Lo statère, al contempo peso e moneta pari ad 1/30 di “mina” (altra unità di peso e di conto), era il vertice della prima scala monetaria che ab origine prevedeva ben nove pezzi monetati in elettro, sottomultipli e frazioni dello statère medesimo, il quale aveva un peso indicativo oscillante tra 10,9 e 17,46 grammi, a seconda del “piede monetario” di riferimento (sistema di rapporto tra quantità di metallo e valore della moneta) utilizzato nelle diverse pòleis. Lo statère arcaico era una tipica moneta “incusa”, in quanto caratterizzata dalla presenza del cosiddetto “quadrato incuso” (dal verbo latino incùdere, “battere”, “forgiare”) impresso al rovescio (R/) della moneta, termine indicante la concavità generata dall’originaria tecnica di coniazione che si basava su uno o più “punzoni”: questi ultimi fungevano da conio e, affondando nel metallo incandescente, lasciavano i segni di figure irregolari quadrate/rettangolari, derivanti dall’impronta di conio presente in incavo (anziché a rilievo).

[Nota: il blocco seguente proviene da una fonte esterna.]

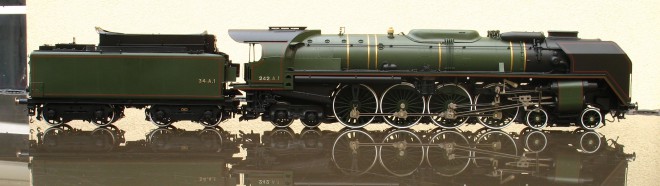242 A 1 (7).JPG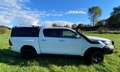 Toyota Hilux HiLux D-4D 4x4 Double Cab Duty - thumbnail 4
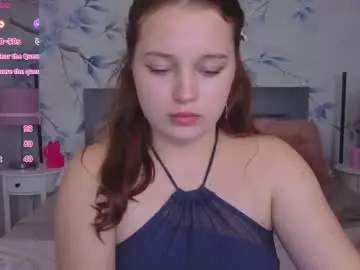 Chaturbate Watch Live Sex Cams of cutie__cutiee_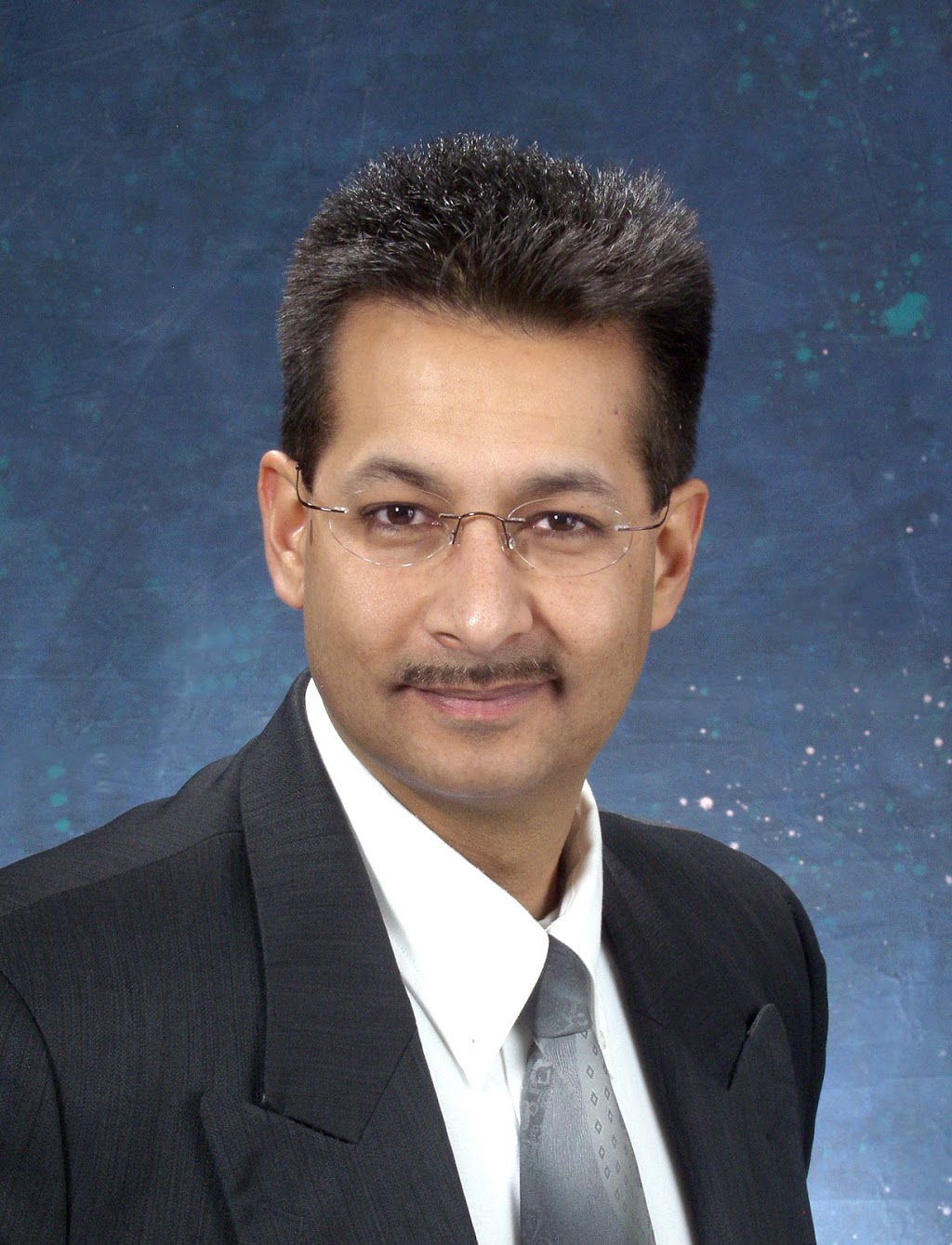 Atif Rajan Real Estate Agent RE/MAX Realtor | 101-110 Country Hills Landing NW, Calgary, AB T3K 5P3, Canada | Phone: (403) 616-3594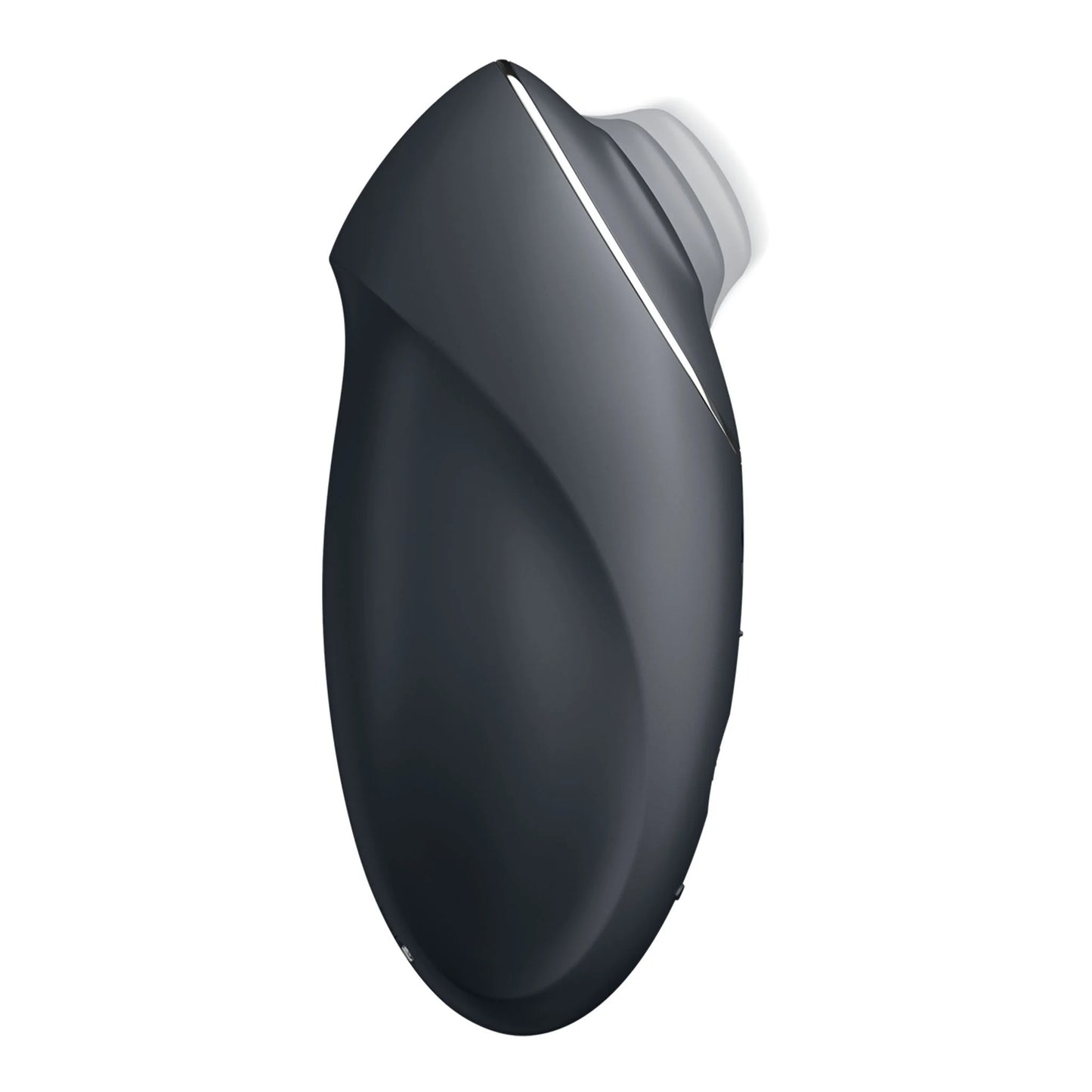 Vibrador Climax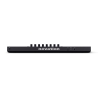 Novation Launchkey MINI 37 MK4 Novation Launchkey MINI 37 MK4
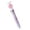 Pink, variant on XMMSWDLA Colored Pencils 10 Color Ballpoint Pen Push Type Color Multifunction Marker 10ml Aesthetic Pens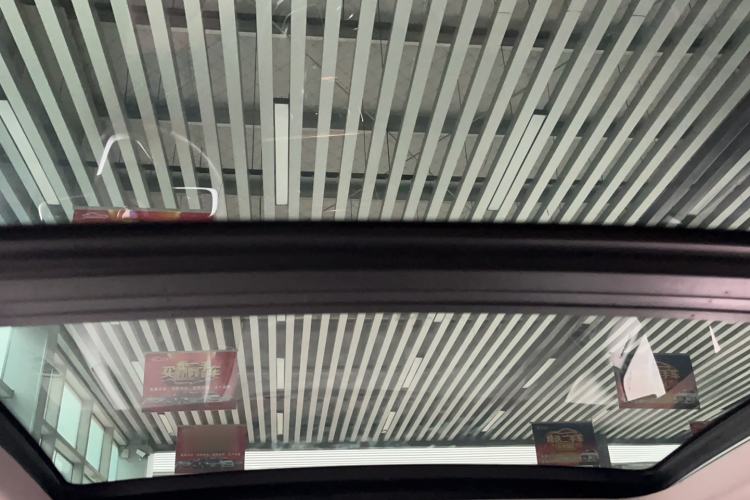 Used BMW 2 Series Active Tourer 2016 218i Fashion Model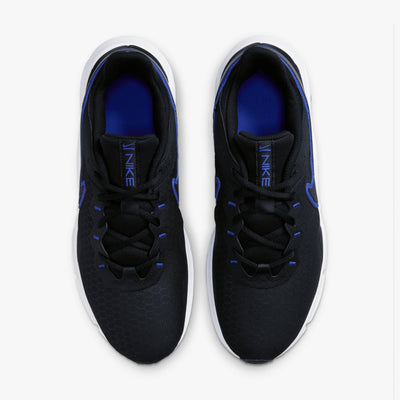 Nike Legend Essential 2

La lega naturale di elettro presentava un contenuto variabile di oro e di argento a seconda del filone metallifero di provenienza, con una proporzione media oscillante intorno ad un 30/40% d’oro e ad un 60/70% d’argento, e dato il diverso valore dei due metalli preziosi nobili, il cui rapporto all’epoca era nell’ordine di 1:12 (o comunque non meno di 1:10), si rendeva necessario procedere a stime e valutazioni che erano alla base di apposite operazioni di cambio monetario effettuate in ciascuna pòlis a cura di specifici uffici bancari, la cui funzione originaria fu appunto quella di “cambia-valute”.
Per ovviare agli inconvenienti correlati alla determinazione del contenuto aureo della moneta di elettro, in progresso di tempo i Lidi cominciarono a dedicarsi anche alla distinta coniazione delle monete d’oro e d’argento, tramite fusione della lega e separazione dei metalli che la componevano: Sardi, la capitale della Lidia, divenne nota per la raffinazione dell’elettro; le prime emissioni di monete d’oro e d’argento sono attribuite al famoso re Creso e vengono pertanto denominate “creseidi”, dal peso indicativo compreso tra 8,10 e 10,8 grammi (statèri della serie aurea “leggera” e “pesante”) e tra 10,8 e 14,3 grammi (statèri della serie argentea “leggera” e “pesante”), monete ben presto diffuse e rinomate nelle varie pòleis dell’Egeo, nei regni limitrofi e presso gli altri popoli del Mediterraneo, dove la relativa circolazione avveniva con un rapporto di cambio di 1:10 (una creseide d’oro valeva dieci creseidi d’argento).